Export pull requests with review status and merge info

import requests
import pandas as pd

TOKEN = "ghp_..."
OWNER = "your-org"
REPO  = "your-repo"

headers = {
    "Authorization": f"Bearer {TOKEN}",
    "Accept": "application/vnd.github+json",
}

prs = []
page = 1
while True:
    r = requests.get(
        f"https://api.github.com/repos/{OWNER}/{REPO}/pulls",
        headers=headers,
        params={"state": "all", "per_page": 100, "page": page},
    )
    batch = r.json()
    if not batch:
        break
    prs.extend(batch)
    page += 1

rows = []
for pr in prs:
    rows.append({
        "pr_number":     pr["number"],
        "title":         pr["title"],
        "state":         pr["state"],
        "author":        pr["user"]["login"] if pr.get("user") else "",
        "base_branch":   pr.get("base", {}).get("ref"),
        "head_branch":   pr.get("head", {}).get("ref"),
        "draft":         pr.get("draft", False),
        "merged":        pr.get("merged_at") is not None,
        "labels":        ", ".join(l["name"] for l in pr.get("labels", [])),
        "reviewers":     ", ".join(r["login"] for r in pr.get("requested_reviewers", [])),
        "created_at":    (pr.get("created_at") or "")[:10],
        "merged_at":     (pr.get("merged_at") or "")[:10],
        "closed_at":     (pr.get("closed_at") or "")[:10],
        "additions":     pr.get("additions", 0),
        "deletions":     pr.get("deletions", 0),
        "changed_files": pr.get("changed_files", 0),
    })

pd.DataFrame(rows).to_csv(f"{OWNER}_{REPO}_prs.csv", index=False, encoding="utf-8-sig")
print(f"Exported {len(rows)} pull requests")

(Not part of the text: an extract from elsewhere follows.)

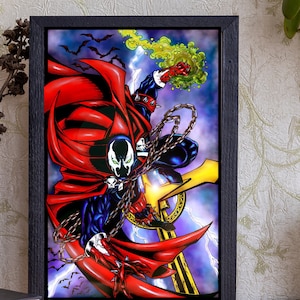May include: A framed illustration of a red and black superhero character with a cape, holding a chain and standing on a cross. The background is a purple and blue sky with lightning bolts and bats.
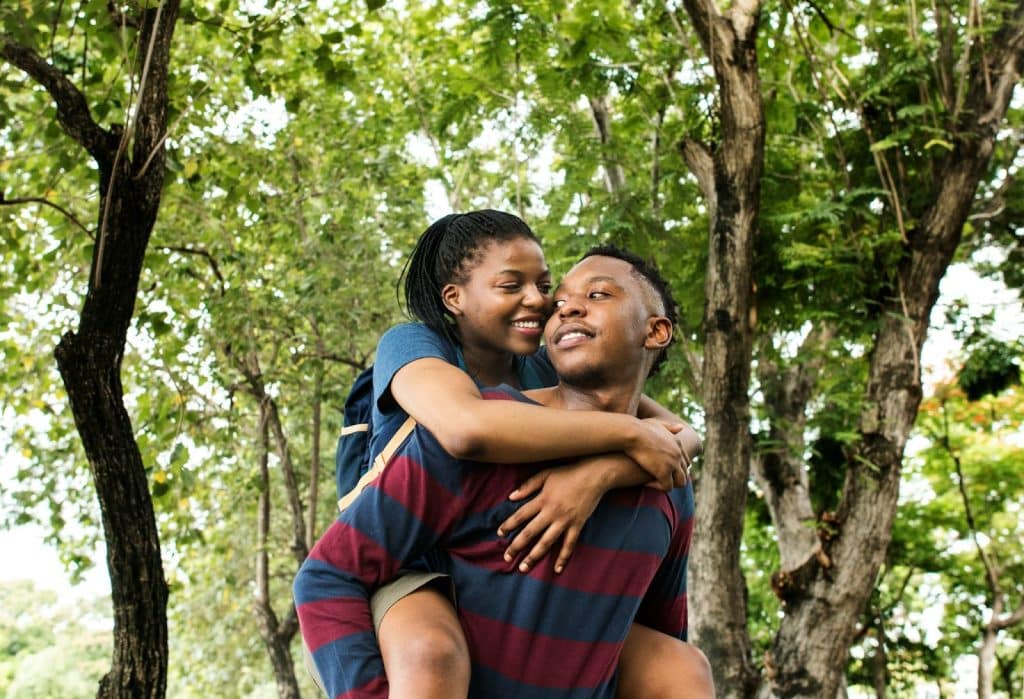 A man carrying a woman on his back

Common issues with this API

Pull requests appear in the issues endpoint

GitHub's /issues endpoint returns both issues and pull requests. PRs have a 'pull_request' key in the response; plain issues don't. Filter with 'pull_request' in issue to separate them.

issues_only = [i for i in all_issues if "pull_request" not in i]
prs_only    = [i for i in all_issues if "pull_request" in i]

Rate limit: 5,000 requests per hour with a token

Unauthenticated requests are limited to 60/hour. With a personal access token or GitHub App token, you get 5,000/hour. Check the X-RateLimit-Remaining header and back off before you hit zero — the API returns 403 when exhausted.

remaining = int(r.headers.get("X-RateLimit-Remaining", 1))
reset_time = int(r.headers.get("X-RateLimit-Reset", 0))
if remaining < 10:
    import time
    wait = max(0, reset_time - time.time()) + 5
    time.sleep(wait)

assignees is an array, assignee is the first one

GitHub issues can have multiple assignees. The 'assignee' field is the primary assignee (or null). The 'assignees' field is the full array. If you need all assignees, join the assignees array — not just the single assignee field.

"assignees": ", ".join(a["login"] for a in issue.get("assignees", []))

Frequently asked questions

How do I export issues from a private repository?

Use a personal access token (classic) with the 'repo' scope, or a fine-grained token with Issues read permission for that repository. Pass it in the Authorization header: 'Bearer ghp_...'.

Can I export GitHub Projects data to CSV?

GitHub Projects (v2) uses the GraphQL API, not the REST API. The REST /issues endpoint gives you issue metadata but not project-specific fields like status, priority, or sprint. For project fields, use the GraphQL API to query ProjectV2Items.

Why do I get a 422 error when fetching more than 1000 issues?

GitHub's REST API limits pagination to 1000 results (100 per page × 10 pages) for some endpoints when using simple page-number pagination. Switch to using the since parameter with created or updated timestamps to page through more than 1000 records.

How do I export commit history to CSV?

Use GET /repos/{owner}/{repo}/commits. Each commit has a commit.author.name, commit.author.date, commit.message, and sha. The structure is different from issues — use json_normalize(commits, sep='.') to flatten it, then rename the dot-notation columns.